Over time, the reliability of the one Linux server that handled the Internet operations became more and more clear. I would e-mail Mike an uptime report every 30 days or so. The pivotal point in moving United away from Netware to Linux came when United's Netware system administrator resigned. The door was now opened for us to step in.

Where We Went

In June 1996 we began the formidable task of moving United's entire operation from Netware to Linux. The first to go was the backup server—a Linux boot disk and about an hour turned that little P75 into United's first Linux file server named ursgfs2. We immediately installed SAMBA and smbfs and began writing backup scripts. After removing WinAgent and setting up an administrative share on each PC, we did a full floor backup to the 4mm tape drives in the new Linux server that very night; the backups completed through every machine without error.

We purchased three BusLogic 958 SCSI controllers and four 4GB fast wide SCSI II Quantum Atlas drives in external cases and attached them to the P75 Linux server, ursgfs2. Now, we needed a way to move many gigabytes of CAD files and corporate data off the 26GB magneto-optical jukebox connected to the Netware server, at that time accessible only through a DOS machine using Netware drivers plus a TSR program. We tried various unsuccessful methods.

All of our attempts on DOS clients failed with out of memory errors while trying to pkzip or xcopy files from the jukebox cartridges. The Corel TSR would load under NT but would crash and die at random points during the copy process. We never got NT to successfully copy a single cartridge. Using ncpmount we could mount the jukebox from the Netware server under Linux, but without the TSR the Netware server would kick us off within 60 seconds. The solution was DOSEMU. DOSEMU, when installed on ursgfs2 allowed us to run the Corel TSR, attach to the jukebox on the Netware server and then copy directly to the attached 16GB of new disk space using the xcopy command.
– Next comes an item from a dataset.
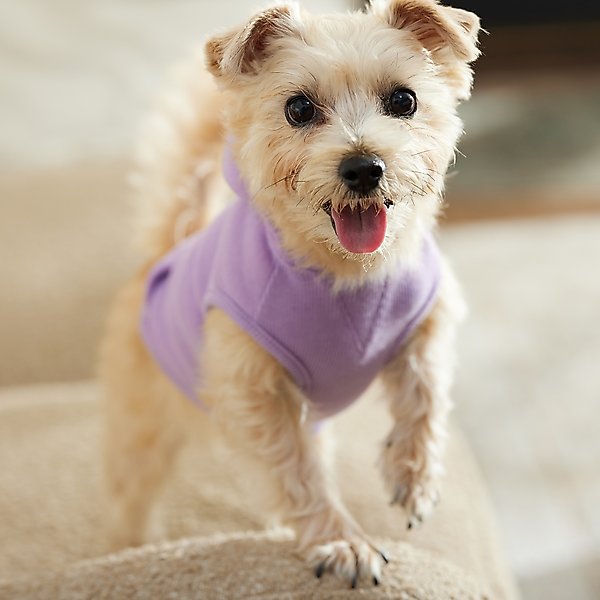 Show full view: Frisco Basic Dog & Cat Hoodie, English Lavender, X-Small slide 8 of 12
Due to an inefficiency in the FAT (finessed automatic transfer) file system, the FAT tables on the jukebox cartridges were filling long before the cartridges were actually full of data. We were able to store all of the jukebox data onto 16GB of disk space. After the transfer of all of the jukebox data was complete, we blew Netware off the larger server, moved ursgfs2's SCSI cards and disks to the new hardware, and renamed the server ursgfs1. A fifth disk was added a short time later.

The new Linux file server used SAMBA for exporting to PCs and NFS for Unix workstations. The server had three 4mm tape drives. Our backup scripts used smbmount to mount each PC in the building and archive it on tape using tar. Soon, an eight-port Lantronix 10/100 switch was installed, and ursgfs1 was moved to a dedicated 100MB port.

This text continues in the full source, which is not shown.